A work in progress
The scaffolding's off and the Little Chapel appears transformed, thanks in part to some new lighting inside and out. But as Martyn Tolcher discovered, there is much work still to do – and money to be raised – before the project is complete
HAVING been totally obscured by a cloak of industrial scaffolding for one-and-a-half years, Guernsey's world-famous Little Chapel is looking resplendent at long last.
Following many months of painstaking work and an outlay to date of around £180,000, the main features of the iconic building stand proudly restored and watertight.
Moreover, the Little Chapel's previously unsound foundations have been underpinned and properly secured for the first time since Brother Deodat put them in place 103 years ago.
New lighting has been installed to illuminate the building's wonderful interior, while floodlighting has been set up outside to give the chapel an additional glow during hours of darkness.
From a distance it would seem that it is a case of 'job done'. But initial appearances can be deceptive and although a lot has been achieved over the last 18 months, this is just the beginning.
Get right up close to the tiny church, pop your head inside and you can see straight away that there is still much more that needs to be done.
The 1970s flooring has to be ripped out and replaced in line with the original design of the chapel, while permanent lighting with hidden cables must be fitted to replace the current temporary arrangement.

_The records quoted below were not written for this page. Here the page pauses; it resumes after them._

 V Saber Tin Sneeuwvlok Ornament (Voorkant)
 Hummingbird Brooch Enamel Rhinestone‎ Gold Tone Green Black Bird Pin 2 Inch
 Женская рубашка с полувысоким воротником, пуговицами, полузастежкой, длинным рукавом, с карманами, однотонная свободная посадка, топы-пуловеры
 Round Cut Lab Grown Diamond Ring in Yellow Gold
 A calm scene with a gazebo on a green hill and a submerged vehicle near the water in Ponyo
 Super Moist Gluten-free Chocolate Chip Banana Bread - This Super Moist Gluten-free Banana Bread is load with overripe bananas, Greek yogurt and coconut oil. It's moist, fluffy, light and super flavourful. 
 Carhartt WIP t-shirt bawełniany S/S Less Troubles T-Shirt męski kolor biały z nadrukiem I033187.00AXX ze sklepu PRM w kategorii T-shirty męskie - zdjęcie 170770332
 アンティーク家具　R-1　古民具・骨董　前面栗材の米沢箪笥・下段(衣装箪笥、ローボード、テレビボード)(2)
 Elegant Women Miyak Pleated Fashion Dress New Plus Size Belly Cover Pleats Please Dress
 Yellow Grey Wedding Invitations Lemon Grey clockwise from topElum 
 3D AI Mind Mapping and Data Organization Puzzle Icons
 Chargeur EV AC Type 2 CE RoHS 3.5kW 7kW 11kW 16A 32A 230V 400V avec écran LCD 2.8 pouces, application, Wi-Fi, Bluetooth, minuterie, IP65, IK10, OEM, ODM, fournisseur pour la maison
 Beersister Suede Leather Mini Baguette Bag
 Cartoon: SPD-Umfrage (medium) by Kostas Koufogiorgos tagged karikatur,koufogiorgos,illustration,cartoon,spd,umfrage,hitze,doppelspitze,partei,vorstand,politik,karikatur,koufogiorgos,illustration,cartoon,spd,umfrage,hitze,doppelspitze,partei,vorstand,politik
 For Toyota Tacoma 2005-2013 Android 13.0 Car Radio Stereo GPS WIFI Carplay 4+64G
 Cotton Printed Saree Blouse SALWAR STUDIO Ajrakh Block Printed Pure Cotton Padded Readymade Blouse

Of equal concern is the crumbling state of the nearby grotto, which is said to have been modelled on the one at Lourdes. Meanwhile, the public access pathway behind the chapel remains in a condemned condition and is also seriously in need of attention.
In short, the charitable foundation responsible for the Little Chapel's restoration needs to secure around another £300,000 to get these works going in the autumn and complete phase three of the project.
But its most pressing need is for an income of around £6,000 per month between now and the end of September to enable the remaining detailed, intricate restoration work to be done on the chapel walls.